I continue to enjoy this pursuit.
As skullduggery says above, David Petersen is well known for his Mouse Guard series, which I've enjoyed. Someone convinced him to illustrate the entire WITW.
It was published last year.
I didn't check, but it appears to be the entire text of the original.
Petersen seems to have borrowed heavily from other prior illustrators, and he says as much in his dedication: "to the illustrators of Grahame's tale who came before and forged a visual path for me to wander."
I'd say most like Eric Kincaid and Ernest Shepard, with a touch of Michael Hague and Don Daily.
It is lush and visually satisfying. Though it doesn't describe the art technique, Petersen's short bio mentions that his BFA is in Printmaking. Ah! Thus the heavy black lines throughout the prints.
Too many black & white illustrations.
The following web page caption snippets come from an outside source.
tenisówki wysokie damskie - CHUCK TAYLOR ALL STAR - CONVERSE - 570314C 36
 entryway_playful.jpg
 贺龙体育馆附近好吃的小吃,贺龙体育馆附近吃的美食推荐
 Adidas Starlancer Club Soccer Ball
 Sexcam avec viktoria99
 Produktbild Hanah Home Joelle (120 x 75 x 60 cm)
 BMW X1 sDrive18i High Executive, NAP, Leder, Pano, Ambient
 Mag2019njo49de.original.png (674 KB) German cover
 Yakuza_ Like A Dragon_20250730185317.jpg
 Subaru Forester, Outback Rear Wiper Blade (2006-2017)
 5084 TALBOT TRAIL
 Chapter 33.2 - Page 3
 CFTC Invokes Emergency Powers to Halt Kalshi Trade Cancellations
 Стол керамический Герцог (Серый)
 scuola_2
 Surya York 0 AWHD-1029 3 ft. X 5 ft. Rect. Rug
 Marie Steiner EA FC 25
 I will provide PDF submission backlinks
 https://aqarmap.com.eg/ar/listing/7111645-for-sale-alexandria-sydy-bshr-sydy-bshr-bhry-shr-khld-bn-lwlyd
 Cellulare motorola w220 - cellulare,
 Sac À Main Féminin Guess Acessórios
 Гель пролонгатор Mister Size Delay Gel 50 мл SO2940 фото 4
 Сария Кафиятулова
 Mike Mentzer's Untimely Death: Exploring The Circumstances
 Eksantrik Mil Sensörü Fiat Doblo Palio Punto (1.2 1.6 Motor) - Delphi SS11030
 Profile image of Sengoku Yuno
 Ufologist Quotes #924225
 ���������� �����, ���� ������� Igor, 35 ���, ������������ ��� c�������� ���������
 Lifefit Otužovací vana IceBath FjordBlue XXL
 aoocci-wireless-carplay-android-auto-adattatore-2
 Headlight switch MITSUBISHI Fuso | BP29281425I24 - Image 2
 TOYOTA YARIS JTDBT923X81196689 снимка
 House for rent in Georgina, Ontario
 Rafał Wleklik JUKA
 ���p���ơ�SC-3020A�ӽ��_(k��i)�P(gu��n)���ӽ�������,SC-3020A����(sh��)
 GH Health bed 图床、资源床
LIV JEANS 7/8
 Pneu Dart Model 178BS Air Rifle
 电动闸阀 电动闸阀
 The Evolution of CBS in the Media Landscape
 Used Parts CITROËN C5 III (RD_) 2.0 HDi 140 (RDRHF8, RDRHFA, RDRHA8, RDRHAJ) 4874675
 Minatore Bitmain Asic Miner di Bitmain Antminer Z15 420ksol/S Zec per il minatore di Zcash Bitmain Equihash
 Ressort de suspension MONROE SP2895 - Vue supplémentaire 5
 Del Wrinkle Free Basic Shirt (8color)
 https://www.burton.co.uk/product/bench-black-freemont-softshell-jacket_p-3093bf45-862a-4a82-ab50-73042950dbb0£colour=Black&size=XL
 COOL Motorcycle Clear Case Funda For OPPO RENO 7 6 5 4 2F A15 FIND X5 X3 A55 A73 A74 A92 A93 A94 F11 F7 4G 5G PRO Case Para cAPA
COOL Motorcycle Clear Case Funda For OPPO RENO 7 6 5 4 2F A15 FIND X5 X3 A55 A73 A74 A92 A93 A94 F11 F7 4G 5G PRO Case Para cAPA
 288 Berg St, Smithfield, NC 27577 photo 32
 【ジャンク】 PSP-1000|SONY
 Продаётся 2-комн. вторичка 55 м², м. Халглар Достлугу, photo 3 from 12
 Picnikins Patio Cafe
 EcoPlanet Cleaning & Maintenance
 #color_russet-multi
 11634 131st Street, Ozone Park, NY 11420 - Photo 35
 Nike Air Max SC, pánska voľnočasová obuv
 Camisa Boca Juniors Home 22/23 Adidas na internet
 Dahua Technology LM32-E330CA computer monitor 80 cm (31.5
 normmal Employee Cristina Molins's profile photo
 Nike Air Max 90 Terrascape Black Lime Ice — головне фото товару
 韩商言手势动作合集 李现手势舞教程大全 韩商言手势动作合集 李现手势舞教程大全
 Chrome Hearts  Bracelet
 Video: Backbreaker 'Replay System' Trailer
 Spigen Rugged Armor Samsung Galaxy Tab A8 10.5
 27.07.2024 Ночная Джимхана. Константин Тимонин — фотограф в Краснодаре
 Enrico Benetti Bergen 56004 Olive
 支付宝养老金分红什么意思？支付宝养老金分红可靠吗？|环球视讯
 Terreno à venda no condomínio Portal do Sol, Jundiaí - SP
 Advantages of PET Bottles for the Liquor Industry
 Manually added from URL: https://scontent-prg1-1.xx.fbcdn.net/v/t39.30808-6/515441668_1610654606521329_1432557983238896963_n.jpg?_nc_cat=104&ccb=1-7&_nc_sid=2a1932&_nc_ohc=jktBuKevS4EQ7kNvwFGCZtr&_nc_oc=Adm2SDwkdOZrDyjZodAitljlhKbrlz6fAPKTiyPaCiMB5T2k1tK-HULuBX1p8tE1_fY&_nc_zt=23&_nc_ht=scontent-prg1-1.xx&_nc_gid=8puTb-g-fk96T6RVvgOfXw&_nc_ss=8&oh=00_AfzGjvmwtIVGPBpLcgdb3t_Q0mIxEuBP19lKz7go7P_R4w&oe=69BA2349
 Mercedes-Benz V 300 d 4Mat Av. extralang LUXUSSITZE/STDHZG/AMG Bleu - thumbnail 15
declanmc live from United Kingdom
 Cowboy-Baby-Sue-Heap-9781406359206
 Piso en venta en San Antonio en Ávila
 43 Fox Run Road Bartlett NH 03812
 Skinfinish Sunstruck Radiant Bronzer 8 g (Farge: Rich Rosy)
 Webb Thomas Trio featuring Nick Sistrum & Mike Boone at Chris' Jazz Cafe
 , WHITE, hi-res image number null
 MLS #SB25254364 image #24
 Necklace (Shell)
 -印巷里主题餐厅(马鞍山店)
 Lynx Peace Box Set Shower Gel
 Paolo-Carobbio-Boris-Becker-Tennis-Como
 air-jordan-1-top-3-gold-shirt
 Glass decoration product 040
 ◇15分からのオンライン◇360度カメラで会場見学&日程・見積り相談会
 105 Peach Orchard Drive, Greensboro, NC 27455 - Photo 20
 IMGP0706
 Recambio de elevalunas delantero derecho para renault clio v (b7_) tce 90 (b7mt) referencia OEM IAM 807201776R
Petersen's work is meant to have color!
Ratty seems too solemn and formal. Always in a coat, and never smiling.
But all 'round a good solid collection.
DK (Dorling Kindersley) has a Young Classics series.
Sally Grindley adapted the text, producing 6 chapters and Eric Copeland illustrated the book.
Copeland’s watercolors do not stint on color, detail and action. It is a good piece of work. The first chapter especially meets the Riverbank and does it justice. The ebullience of spring can almost be smelled. Characters are what you’d expect, without any oddities or outstanding notes. Casual dress is allowed.
Many pages contain a box with a photo or illustration from Edwardian times that helps to contextualize parts of the story that might seem odd to young readers. For instance, there is a note about badgers and their seasonal habits.
My favorite illustration is Rat pulling Mole from his dip in the river.
(It's possible I've noted this edition before. I see I added it in 2014.)